### WORK REQUIRED
Each entry here needs to be given again exactly.

-- -- --

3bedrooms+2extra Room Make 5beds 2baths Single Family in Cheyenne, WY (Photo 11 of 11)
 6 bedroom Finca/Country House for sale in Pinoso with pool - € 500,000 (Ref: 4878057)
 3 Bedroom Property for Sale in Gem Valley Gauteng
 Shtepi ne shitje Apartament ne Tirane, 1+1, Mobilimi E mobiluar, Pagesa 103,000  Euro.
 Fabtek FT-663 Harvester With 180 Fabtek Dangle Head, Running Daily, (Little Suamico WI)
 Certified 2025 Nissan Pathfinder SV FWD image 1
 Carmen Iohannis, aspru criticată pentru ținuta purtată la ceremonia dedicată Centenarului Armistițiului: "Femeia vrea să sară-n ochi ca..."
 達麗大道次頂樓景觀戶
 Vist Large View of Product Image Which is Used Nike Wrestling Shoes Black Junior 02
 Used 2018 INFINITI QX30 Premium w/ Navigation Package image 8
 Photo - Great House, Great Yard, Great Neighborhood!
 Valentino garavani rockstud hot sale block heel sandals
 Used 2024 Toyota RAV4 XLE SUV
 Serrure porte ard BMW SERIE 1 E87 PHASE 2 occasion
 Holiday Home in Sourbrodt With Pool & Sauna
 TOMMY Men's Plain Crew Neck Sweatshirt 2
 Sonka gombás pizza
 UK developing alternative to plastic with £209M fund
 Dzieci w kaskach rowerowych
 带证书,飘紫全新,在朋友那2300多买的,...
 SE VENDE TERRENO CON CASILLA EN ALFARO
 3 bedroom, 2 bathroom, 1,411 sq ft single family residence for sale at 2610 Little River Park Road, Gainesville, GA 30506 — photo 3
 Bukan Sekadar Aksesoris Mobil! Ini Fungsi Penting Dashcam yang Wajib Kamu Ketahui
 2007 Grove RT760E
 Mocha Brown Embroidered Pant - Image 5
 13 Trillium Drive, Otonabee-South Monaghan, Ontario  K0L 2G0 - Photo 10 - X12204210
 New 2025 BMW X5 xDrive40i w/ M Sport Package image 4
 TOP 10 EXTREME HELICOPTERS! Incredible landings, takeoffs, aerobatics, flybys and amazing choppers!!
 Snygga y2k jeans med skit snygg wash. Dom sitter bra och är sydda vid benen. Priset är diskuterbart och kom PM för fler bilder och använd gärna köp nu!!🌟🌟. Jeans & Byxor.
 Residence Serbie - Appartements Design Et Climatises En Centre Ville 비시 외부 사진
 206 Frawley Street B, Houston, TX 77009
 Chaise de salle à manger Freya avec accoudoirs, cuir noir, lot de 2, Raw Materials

-- -- --

### SOLVED PROBLEM
3bedrooms+2extra Room Make 5beds 2baths Single Family in Cheyenne, WY (Photo 11 of 11)
 6 bedroom Finca/Country House for sale in Pinoso with pool - € 500,000 (Ref: 4878057)
 3 Bedroom Property for Sale in Gem Valley Gauteng
 Shtepi ne shitje Apartament ne Tirane, 1+1, Mobilimi E mobiluar, Pagesa 103,000  Euro.
 Fabtek FT-663 Harvester With 180 Fabtek Dangle Head, Running Daily, (Little Suamico WI)
 Certified 2025 Nissan Pathfinder SV FWD image 1
 Carmen Iohannis, aspru criticată pentru ținuta purtată la ceremonia dedicată Centenarului Armistițiului: "Femeia vrea să sară-n ochi ca..."
 達麗大道次頂樓景觀戶
 Vist Large View of Product Image Which is Used Nike Wrestling Shoes Black Junior 02
 Used 2018 INFINITI QX30 Premium w/ Navigation Package image 8
 Photo - Great House, Great Yard, Great Neighborhood!
 Valentino garavani rockstud hot sale block heel sandals
 Used 2024 Toyota RAV4 XLE SUV
 Serrure porte ard BMW SERIE 1 E87 PHASE 2 occasion
 Holiday Home in Sourbrodt With Pool & Sauna
 TOMMY Men's Plain Crew Neck Sweatshirt 2
 Sonka gombás pizza
 UK developing alternative to plastic with £209M fund
 Dzieci w kaskach rowerowych
 带证书,飘紫全新,在朋友那2300多买的,...
 SE VENDE TERRENO CON CASILLA EN ALFARO
 3 bedroom, 2 bathroom, 1,411 sq ft single family residence for sale at 2610 Little River Park Road, Gainesville, GA 30506 — photo 3
 Bukan Sekadar Aksesoris Mobil! Ini Fungsi Penting Dashcam yang Wajib Kamu Ketahui
 2007 Grove RT760E
 Mocha Brown Embroidered Pant - Image 5
 13 Trillium Drive, Otonabee-South Monaghan, Ontario  K0L 2G0 - Photo 10 - X12204210
 New 2025 BMW X5 xDrive40i w/ M Sport Package image 4
 TOP 10 EXTREME HELICOPTERS! Incredible landings, takeoffs, aerobatics, flybys and amazing choppers!!
 Snygga y2k jeans med skit snygg wash. Dom sitter bra och är sydda vid benen. Priset är diskuterbart och kom PM för fler bilder och använd gärna köp nu!!🌟🌟. Jeans & Byxor.
 Residence Serbie - Appartements Design Et Climatises En Centre Ville 비시 외부 사진
 206 Frawley Street B, Houston, TX 77009
 Chaise de salle à manger Freya avec accoudoirs, cuir noir, lot de 2, Raw Materials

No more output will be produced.